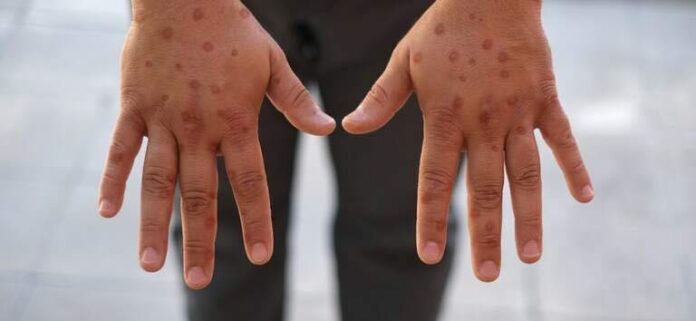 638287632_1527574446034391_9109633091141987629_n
---
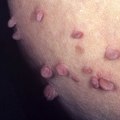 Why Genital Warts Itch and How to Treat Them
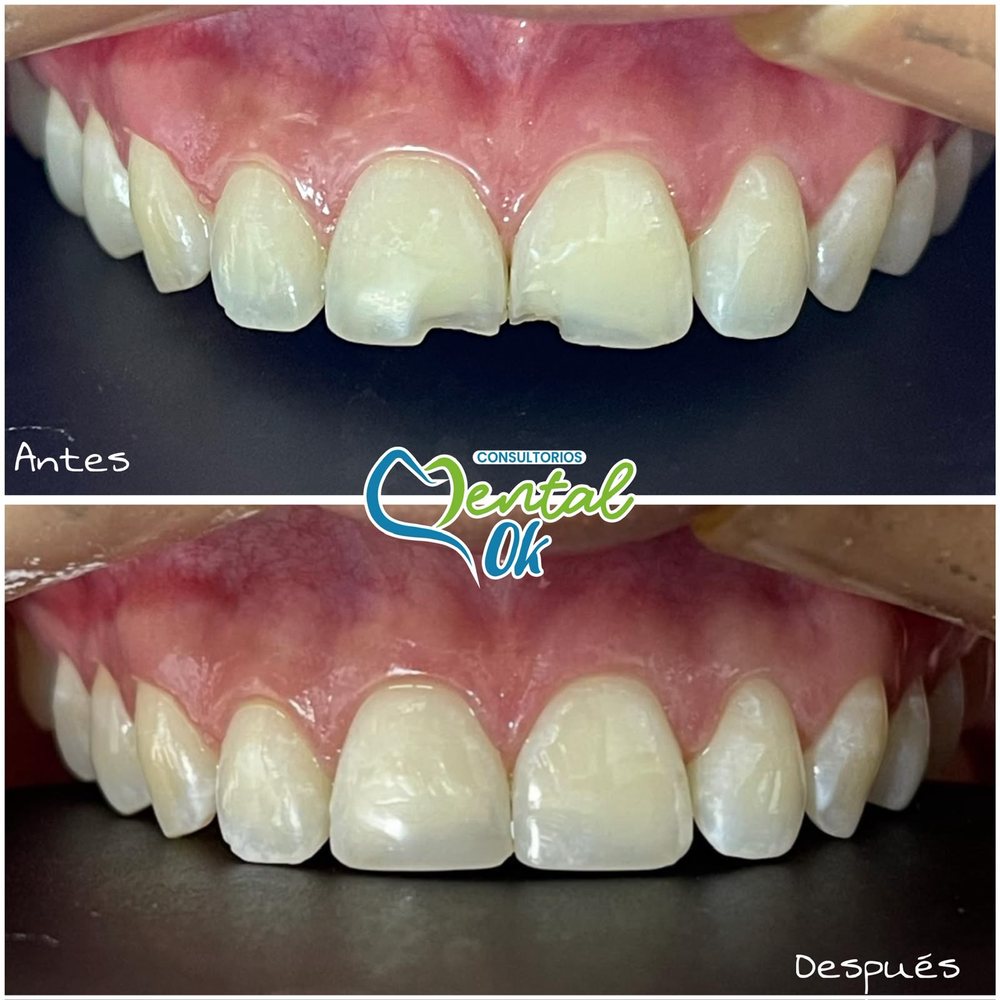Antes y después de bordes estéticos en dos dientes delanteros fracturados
--
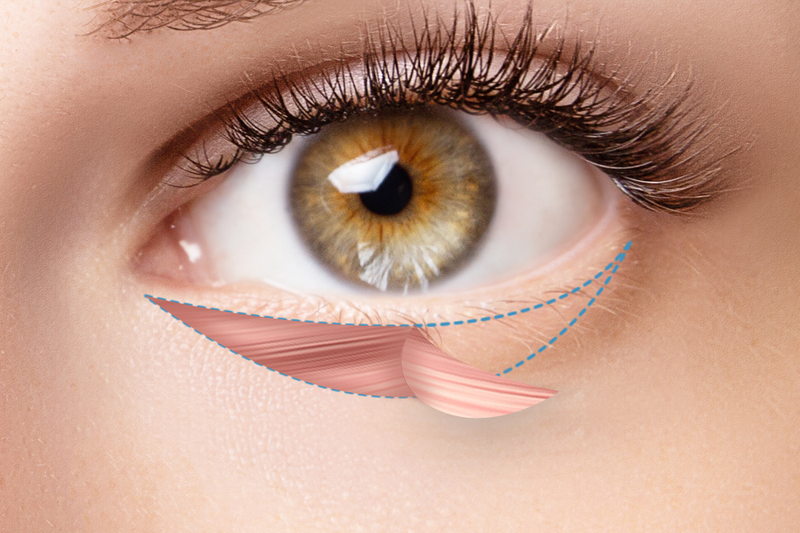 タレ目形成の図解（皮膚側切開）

PROBLEM TO WORK ON: Return the stretch of data that begins with the line showing "Why Genital Warts Itch and How to Treat Them" and goes on through the line showing "Antes y después", exactly, with pictures removed.

RESPONSE TO THE EXERCISE:
 Why Genital Warts Itch and How to Treat Them
Antes y después de bordes estéticos en dos dientes delanteros fracturados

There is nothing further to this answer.